However, the limitation that these methods need more extraneous information is also obvious, such as user type and item category, and they still suffer from the problem of cold starting. Compared with the existing methods, the model proposed in this work can result in more efficient recommendations using limited existing information. Additionally, the credibility of users is a kind of real user interaction data that can be referred to, and we integrate it into the system model not only to better eliminate the interference of attacking users, but also can ameliorate the restriction of data sparsity. At the same time, the calculated recommendation results are more in line with user preferences to a certain extent.

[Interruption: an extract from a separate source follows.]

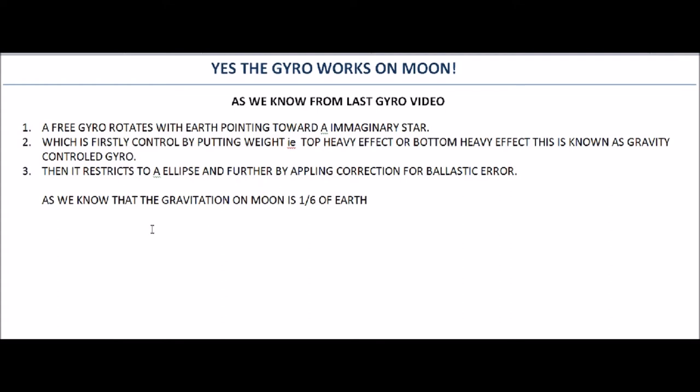The gyroscope works on two principles. The first is that it will always point towards one point — which can be an imaginary star or anything — and will not deviate. The second is that when a torque is applied, its axis moves 90 degrees from the direction of application of the torque.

Trust degree in recommender system

In this section, we will first give the definition and properties of trust in recommender systems. Then, we recommend several often-mentioned trust calculation models.

Definition of trust

The formation of a trust relationship requires the interaction of real users. Because of the lack of real interaction behaviors, trusted attack users are easily overlooked in the trust relationship. Therefore, the impact of the trusted attacking user on the normal recommendation system is reduced.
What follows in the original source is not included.